Scraped caption text data
---

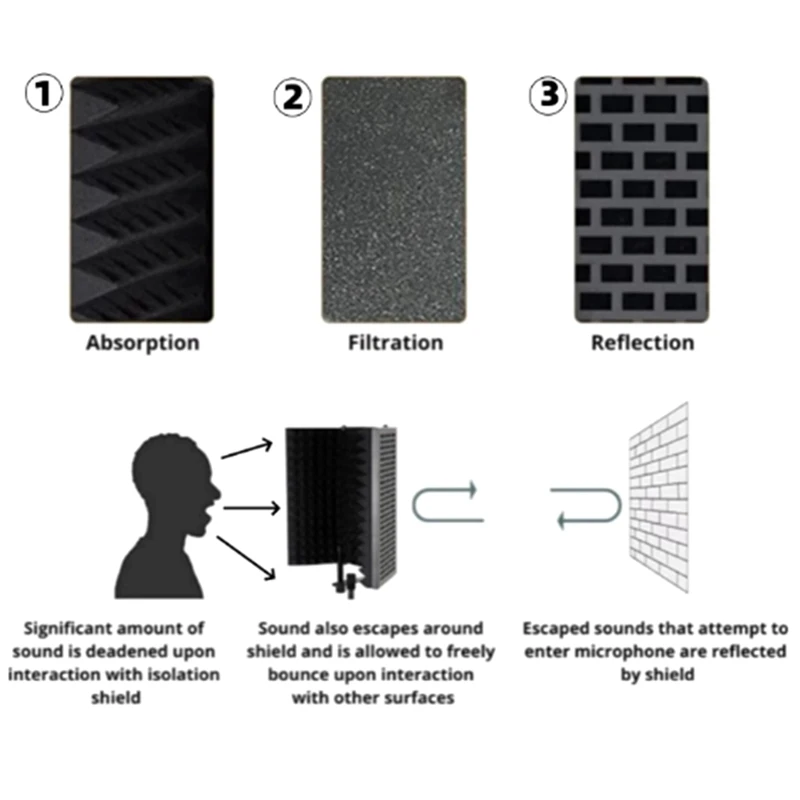 Adjustable Microphone Isolation Shield Foldable Studio Recording Mic Filter Mic Sponge Soundproof Shield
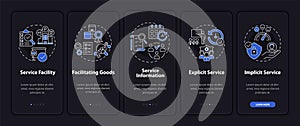 Service characteristics dark onboarding mobile app page screen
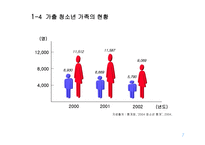 가출청소년 가족중심으로 바라본 비행청소년 가족의 서비스 현황과 개선방안-7
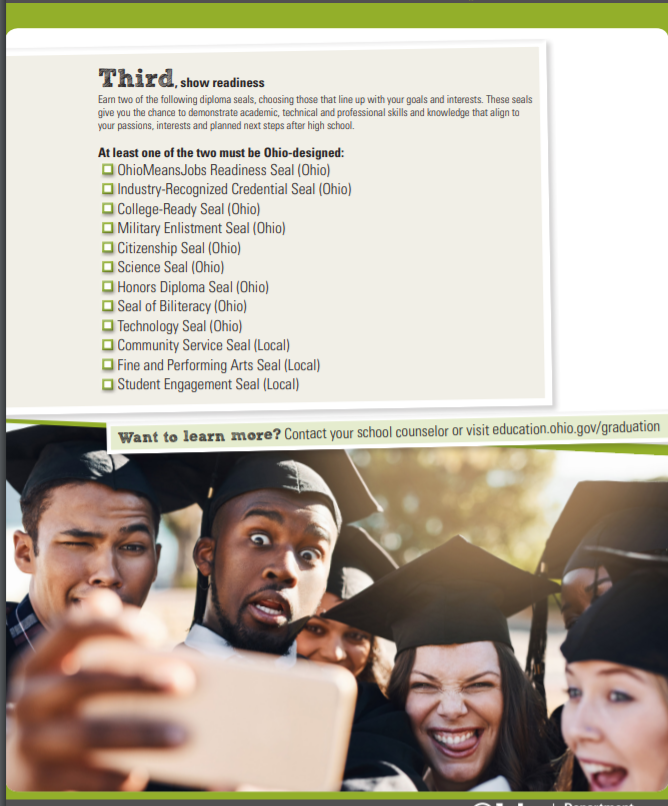 Graduation Requirements Riverside Local Schools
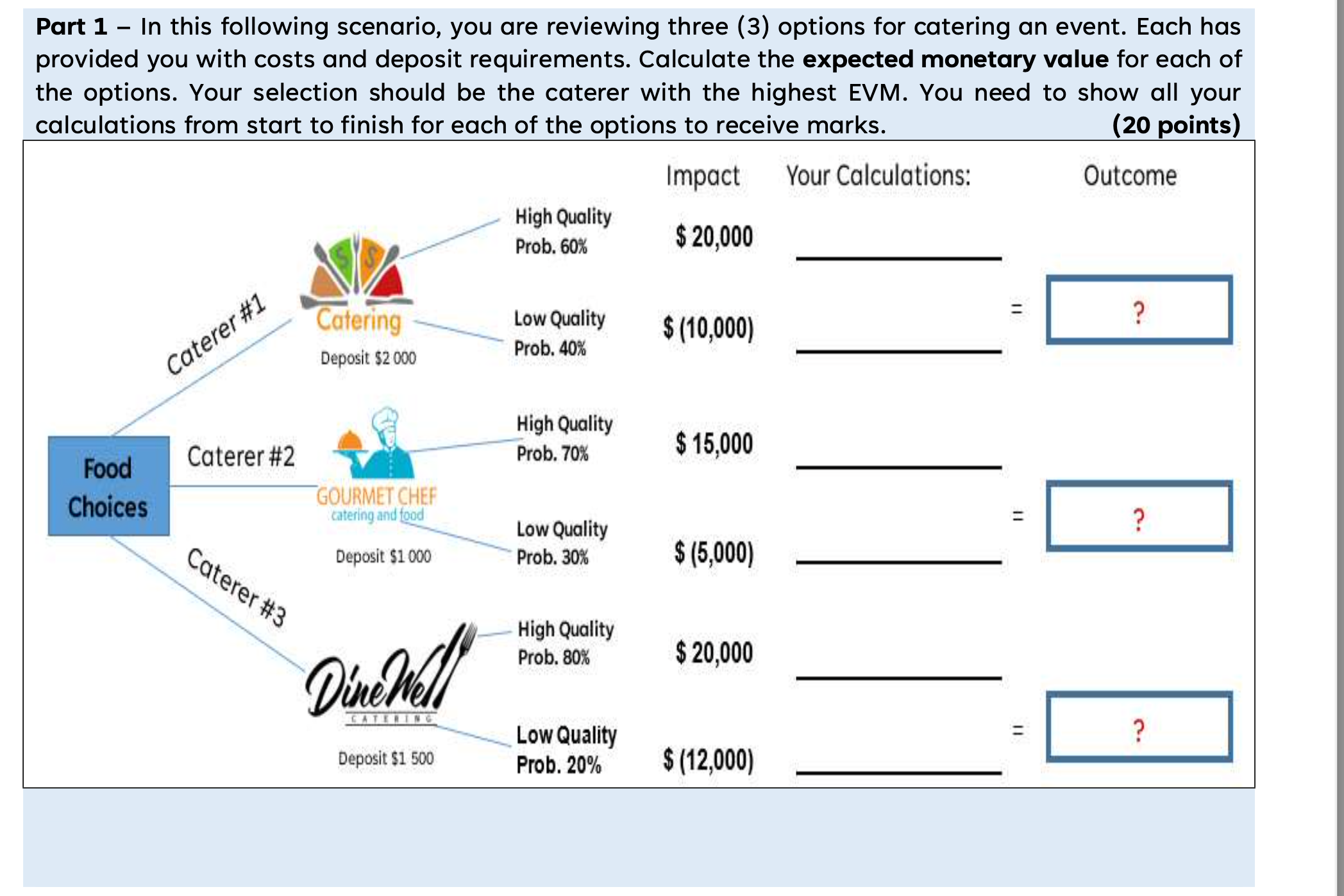 Part 1 - In this following scenario, you are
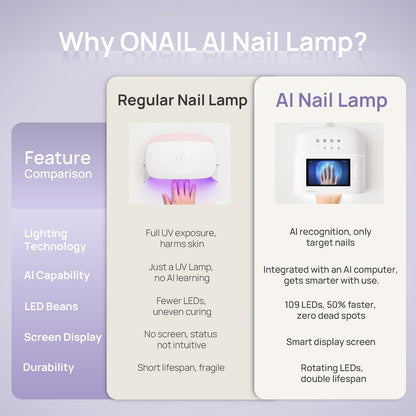 ONail AI Gel Lamp
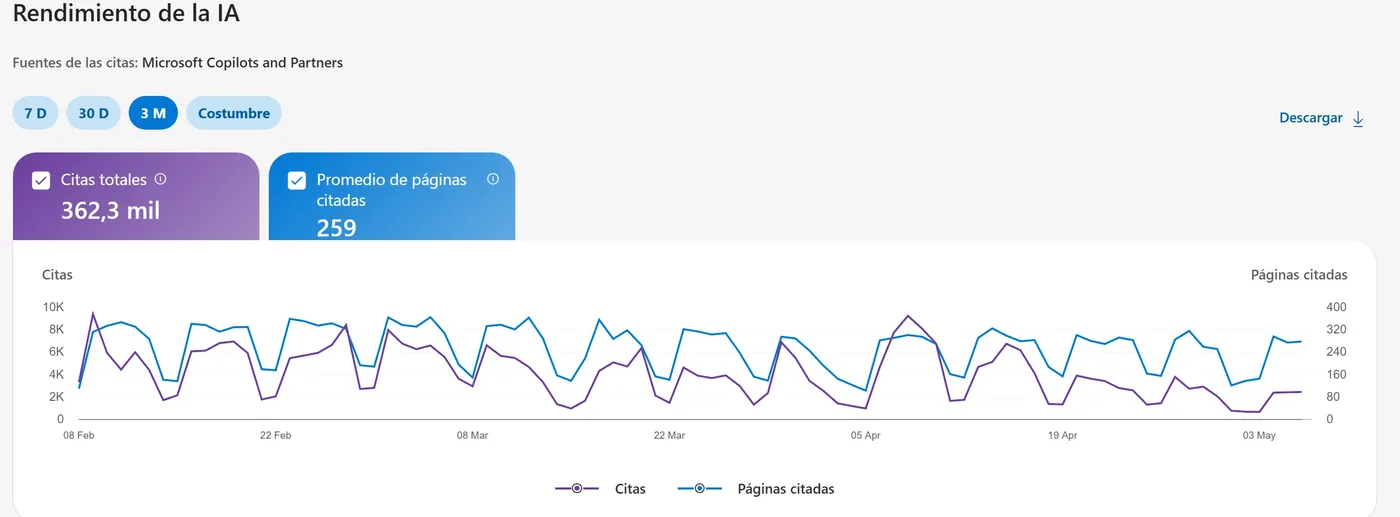 Rendimiento de IA en Bing: 362.300 citas en Microsoft Copilot y partners en 3 meses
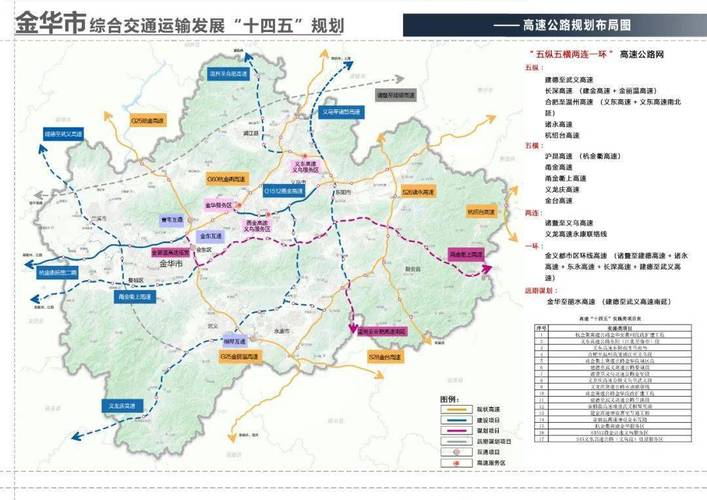 浙江永康到金华怎么走?(从永康到金华高速收费标准)-图2 浙江永康到金华怎么走?(从永康到金华高速收费标准)-图2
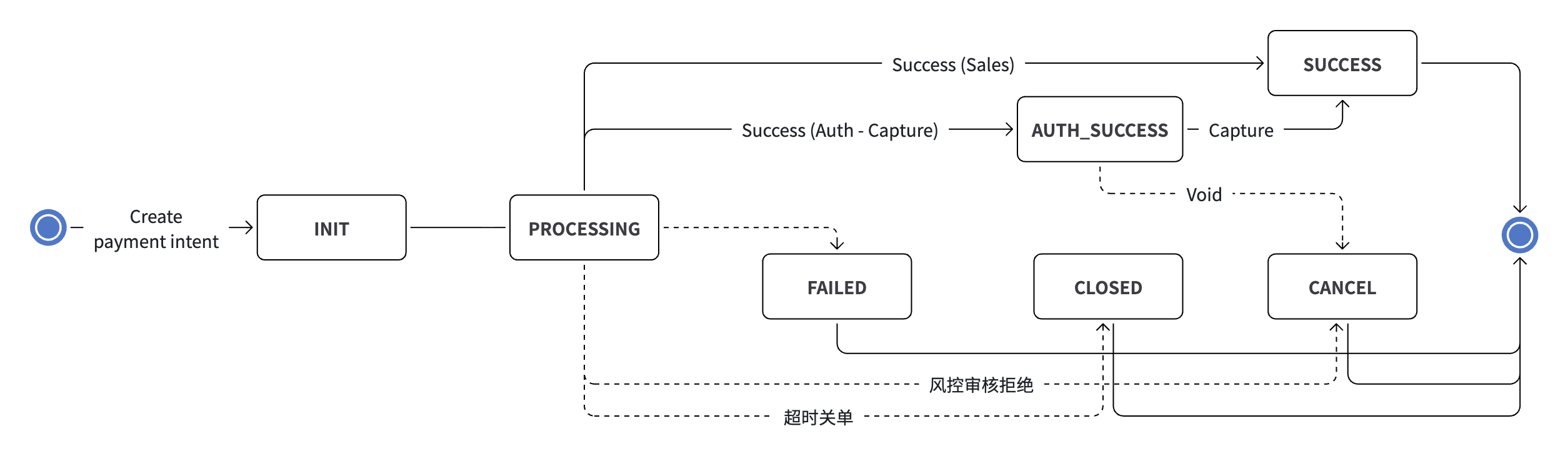 收银台模式：失败终态状态机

---

Please print each of the records word for word, keeping the pictures out.

 Adjustable Microphone Isolation Shield Foldable Studio Recording Mic Filter Mic Sponge Soundproof Shield
 Service characteristics dark onboarding mobile app page screen
 가출청소년 가족중심으로 바라본 비행청소년 가족의 서비스 현황과 개선방안-7
 Graduation Requirements Riverside Local Schools
 Part 1 - In this following scenario, you are
 ONail AI Gel Lamp
 Rendimiento de IA en Bing: 362.300 citas en Microsoft Copilot y partners en 3 meses
 浙江永康到金华怎么走?(从永康到金华高速收费标准)-图2 浙江永康到金华怎么走?(从永康到金华高速收费标准)-图2
 收银台模式：失败终态状态机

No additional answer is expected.